**Given material:**
══════════════════════════════

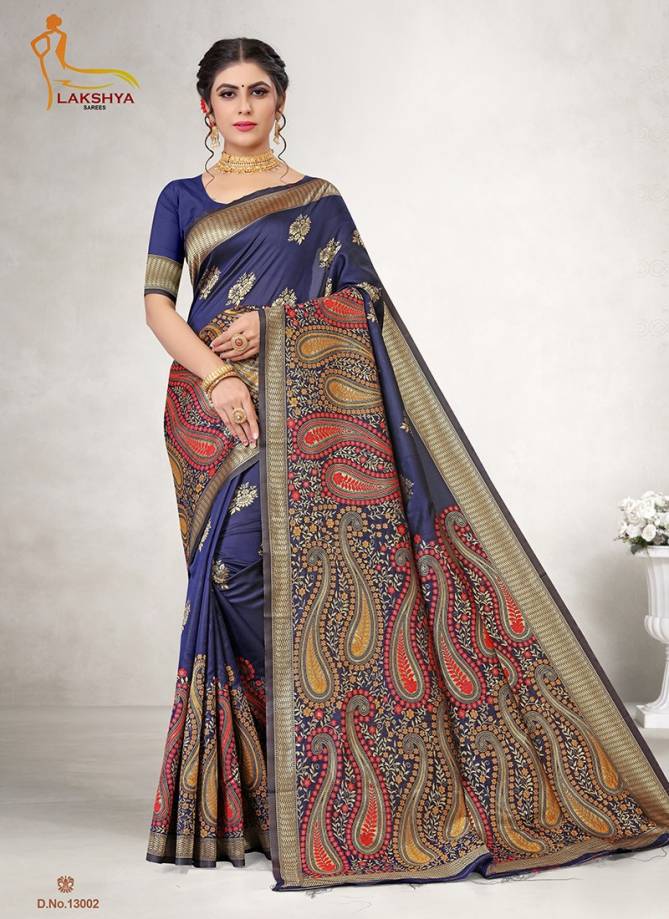 Lakshya Vidya 13 Festive Wear Jacquard Silk Saree Latest Collection
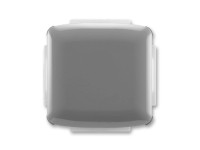ABB Záslepka TANGO 3902A-A001 S2 kouřově šedá 16,3 x 81 x 81 mm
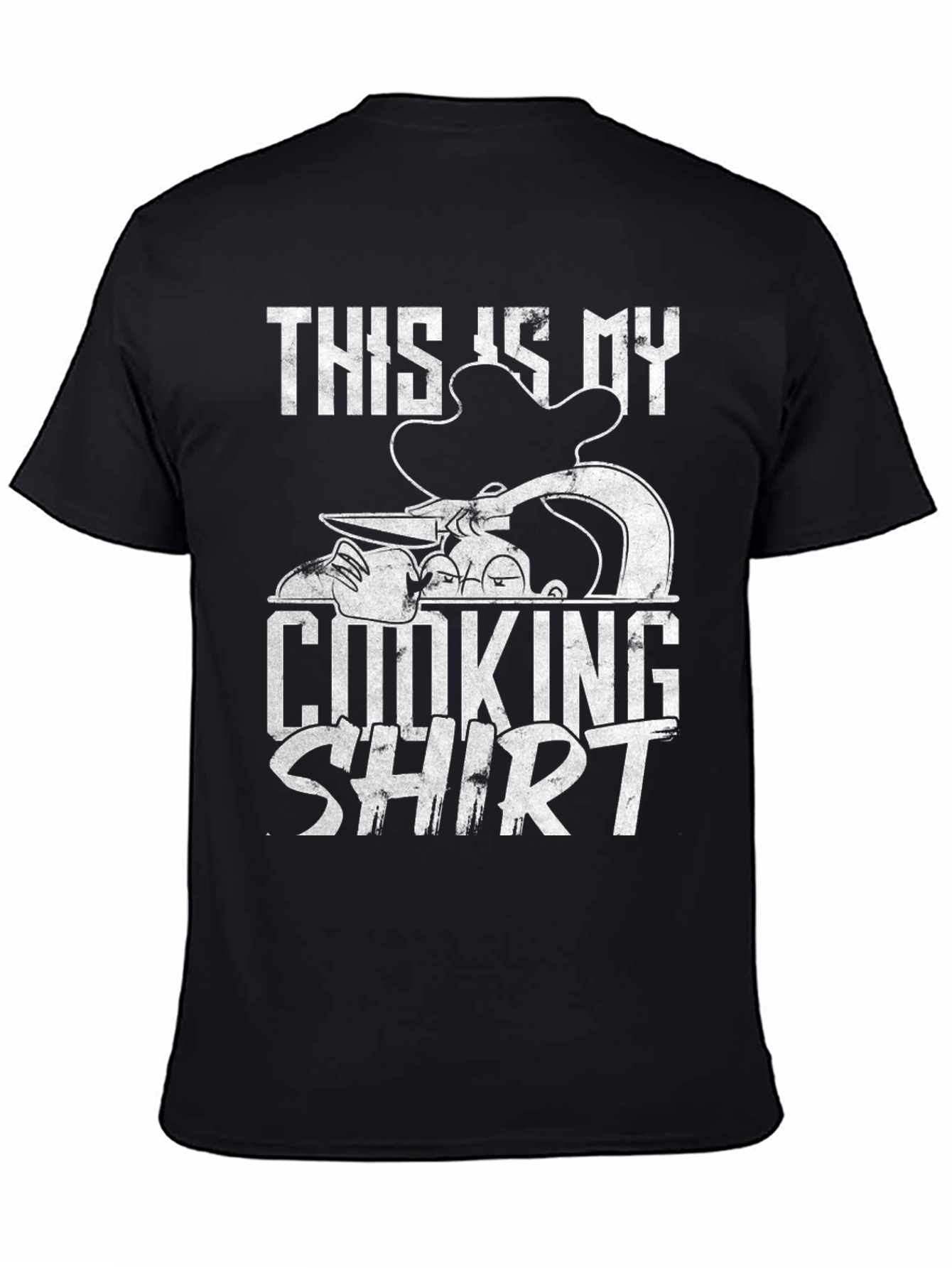 Black This is My Cooking Shirt - Chef T-Shirt view 4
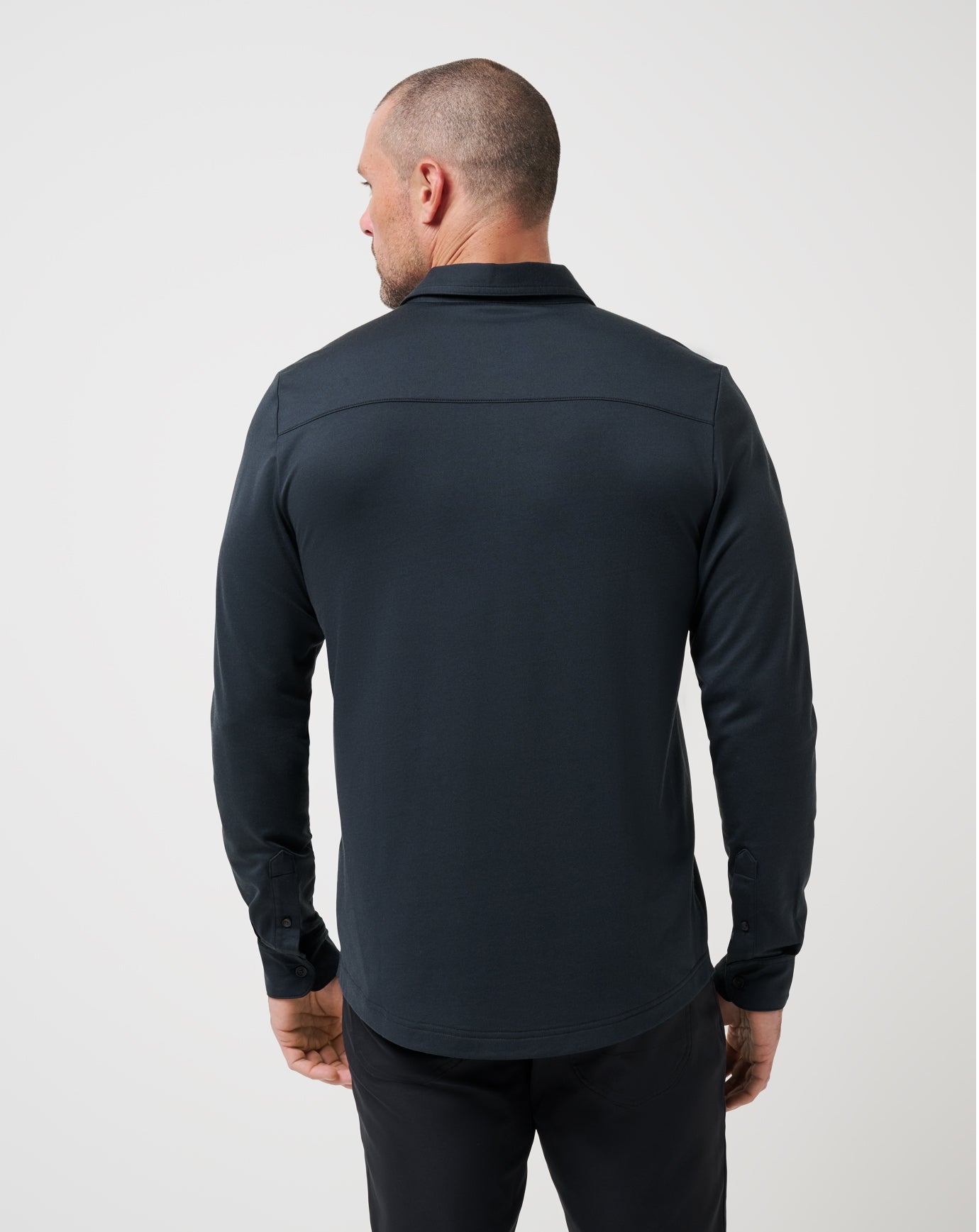 Men Featherweight Long Sleeve Polo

══════════════════════════════

**Assignment:**
Give the listing again word for word, without its images.

**Response area:**
 Lakshya Vidya 13 Festive Wear Jacquard Silk Saree Latest Collection
ABB Záslepka TANGO 3902A-A001 S2 kouřově šedá 16,3 x 81 x 81 mm
 Black This is My Cooking Shirt - Chef T-Shirt view 4
 Men Featherweight Long Sleeve Polo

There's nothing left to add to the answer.